For one weekend in September at SAREX 2018, held at the Albert Head Training Centre in Metchosin B.C., our volunteer members of Royal Canadian Marine Search and Rescue did some things we typically don’t do – all in the name of working together.

“Our 2018 SAREX was an opportunity to train and practice with different resources and responders,” said Ralph Mohrmann, RCMSAR Director of Readiness and the primary organizer for the weekend.

RCMSAR members learned from, shared information and worked alongside members of the 4th Canadian Ranger Patrol, Ground Search and Rescue crews, PEP Air, the Royal Canadian Navy and Canadian Coast Guard.
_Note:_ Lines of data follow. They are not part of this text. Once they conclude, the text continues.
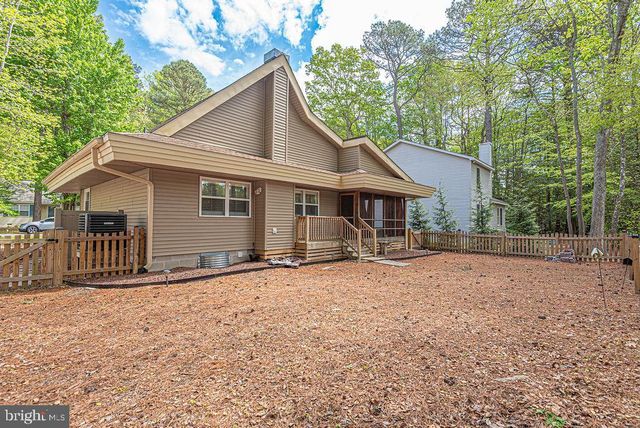 62 NEWPORT DR, Ocean Pines, MD 21811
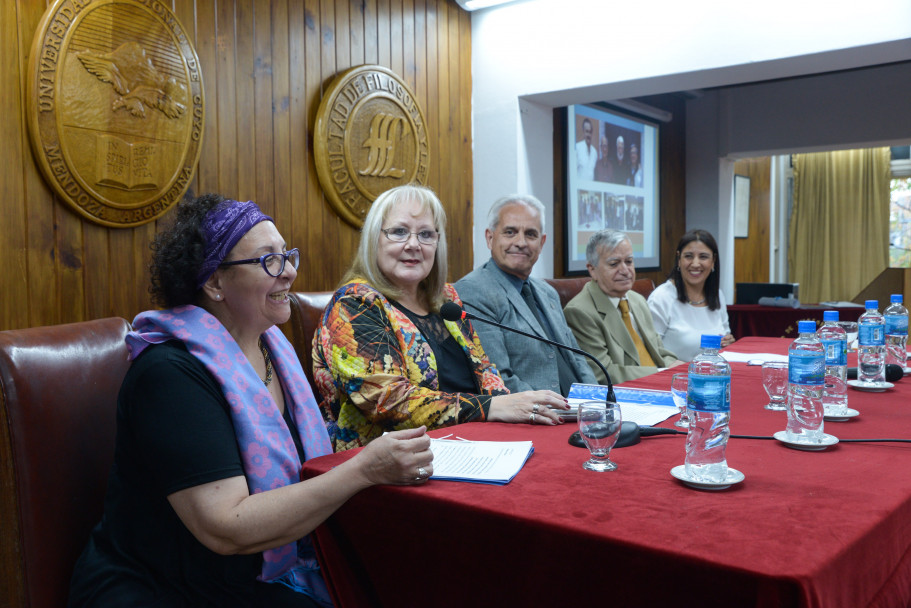 imagen De izquierda a derecha: María Teresa Guajardo, Elsa Cabrini, Adolfo Cueto, Daniel Prieto Castillo y Elena Barroso.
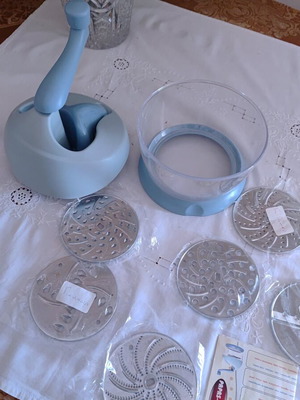 Grater with 6 application discs like new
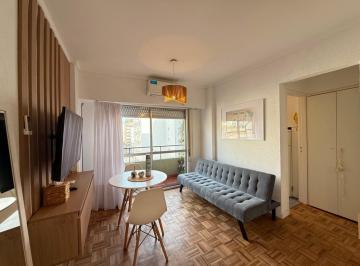 Departamento · 27m² · 1 Ambiente · Monoambiente a La Calle con Balcon Saliente en Venta
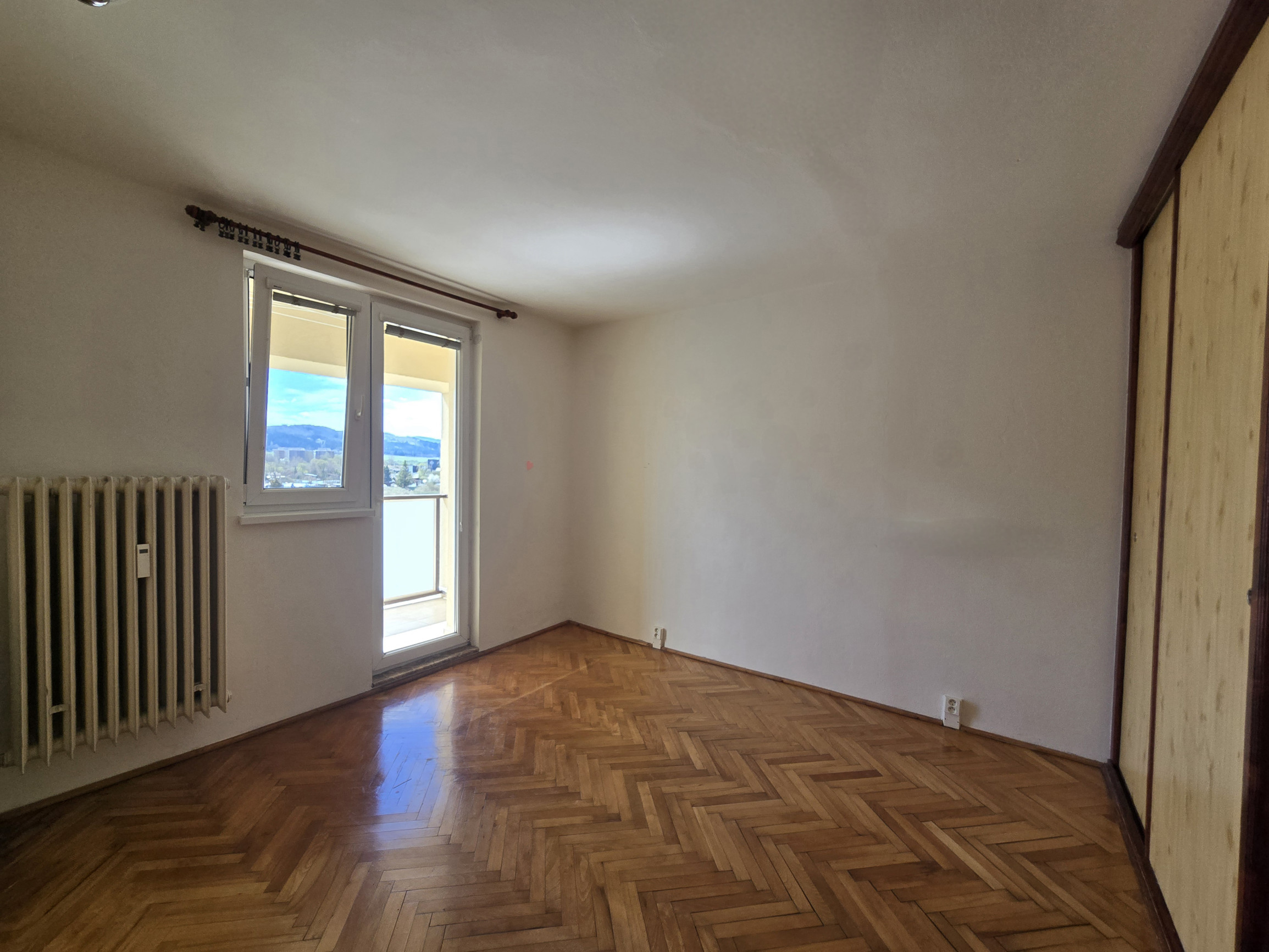 Exkluzívna ponuka! Ponúkam na prenájom 2.-izbový byt s balkónom v Poprade časť Západ ul. 29. Augusta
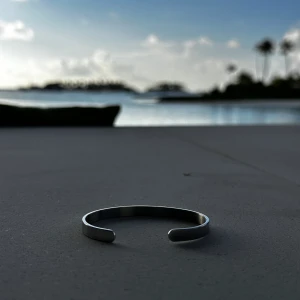 Metal armband - Snygga och stil fräscha armband! Stabiles steel!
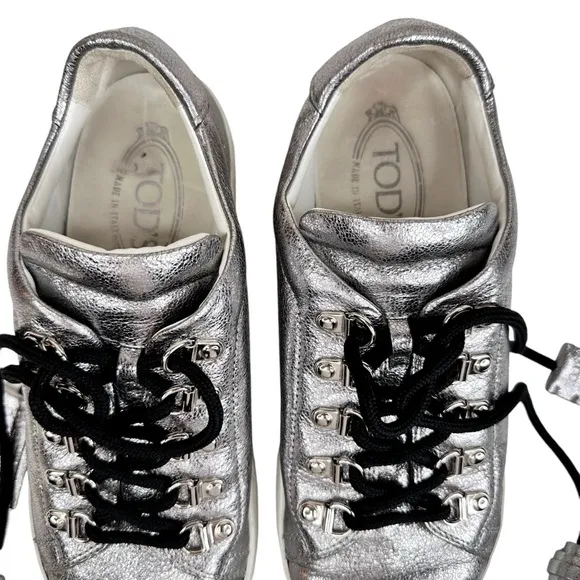 TOD’S Sportivo Metallic Leather Sneakers SZ 38 Fringe Silver Shoes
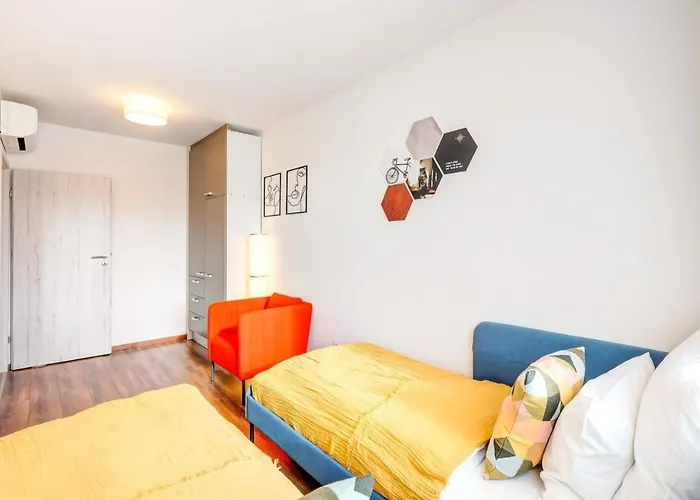 Appartamento - New - With Sunny Balcony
“For many of our members, it’s not something they typically get to do. Creating that understanding and building those relationships between different agencies can only improve and help our joint effectiveness in the heat of the moment,” said Mohrmann.

Relationship building was a key element of SAREX 2018.  The opportunity to train together also meant the chance to laugh together and build some lasting memories – and alongside some serious training scenarios, there was plenty of laughter and friendships forged.

“The opportunity to train and practice together can highlight any challenges that should be addressed before an actual emergency, and ultimately it improves crew confidence for when and if different agencies are called upon to respond together,” said Mohrmann.

Maintaining our Search and Rescue skills and capabilities in support of the Canadian Coast Guard is our primary function. This SAREx had various activities with that focus including on-water towing drills and workshops detailing Dewatering techniques, direction finding and first aid.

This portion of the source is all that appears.